2003 recording of electric bass/vocal dunt.

Jandek
Shadow Of Leaves

Corwood 0774

CD
£7.99


2004 bass/vocal album from Jandek, with three long tracks including the 30 minute title track: “Jandek plays bass again, claims to 'no longer exist,' sings about drinking ‘mechanically produced beverages,’ and announces plans to 'think about breathing.' Recently he took a walk. The music seems improvised but is satisfyingly varied and tracks the varying moods of the vocals closely. During the long piece, moments of abjection or desperation occur, but they pass; mostly the voice we hear is lucid. He's levelling with us. When he sings 'I won't drive my car for the rest of the day,' it's a fact.
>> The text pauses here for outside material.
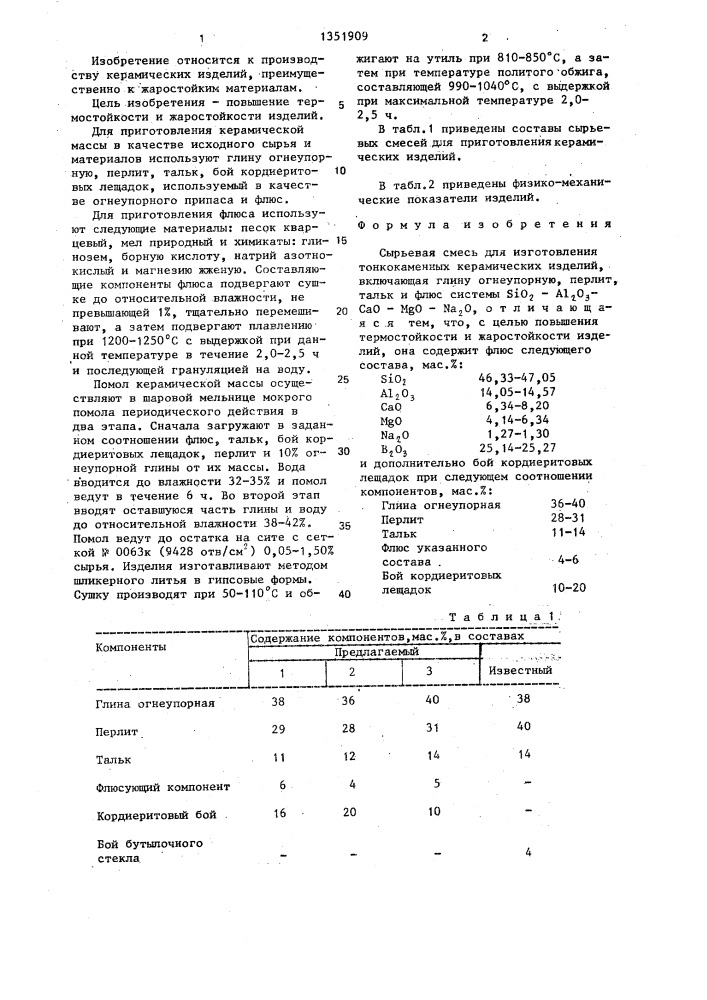 Сырьевая смесь для изготовления тонкокаменных керамических изделий (патент 1351909)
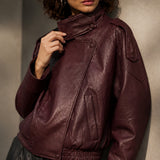 Veste simili cuir col montant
The most harrowing moment comes during the last track, a love song that turns threatening: 'please take my bait... I want to eat you up... you'll never get away, you won't want to... you don't have a life, you live in me.' The music plunges down to the bottom of the bass' range, but by the last line, the point of view has pulled back again to encompass 'the grand scheme of things.'” - Seth Tisue.

Jandek
London Tuesday: No Mind Was A Good Mind

Corwood 0793

DVD
£10.99


Stunning looking DVD of the first solo acoustic/vocals London show from Jandek, as close as you’re gonna get to a live version of a ‘classic’ stripped down Jandek performance. Recorded at St. Giles In The Fields, London, October 18th 2005. There’s an undeniable thrill in being able to see Sterling Smith perform alone, it’s like having alla those early records laid a little more bare. Excellent.

Jandek
Brooklyn Wednesday

Corwood 0789

DVD
£10.99


DVD edition featuring both sets from this trio show with Sterling Smith on guitar and vocals, Chris Corsano on drums and Matt Heyner on bass, live at Issue Project Room, Brooklyn, New York, September 7th, 2005. The sound is closer to the 'classic' Neilson/Youngs live blats but with a more straightahead garage/punk feel, with Sterling playing some of his oddest electric guitar downs while Heyner moves from groaning electric bass monoliths across the first set to quiet, semi-audible acoustic bass on the second. The second set is consequently the weirdest, with the extra space generated by Heyner fully inhabited by very minimal guitar work from Sterling and some oddly dramatised lyrical set-ups. Corsano plays it pretty straight for the bulk, riding behind Sterling's guitar like a steamroller, and at points the vocal delivery combines with the overall bounce of the rhythm section to birth something that seems to owe more to The Minutemen than any sort of avant blues tradition. The songs are great, moving from devastating emotionally wrought confessionals through to funny situational set pieces and Sterling really stretches out on vocals and is obviously enjoying the performance.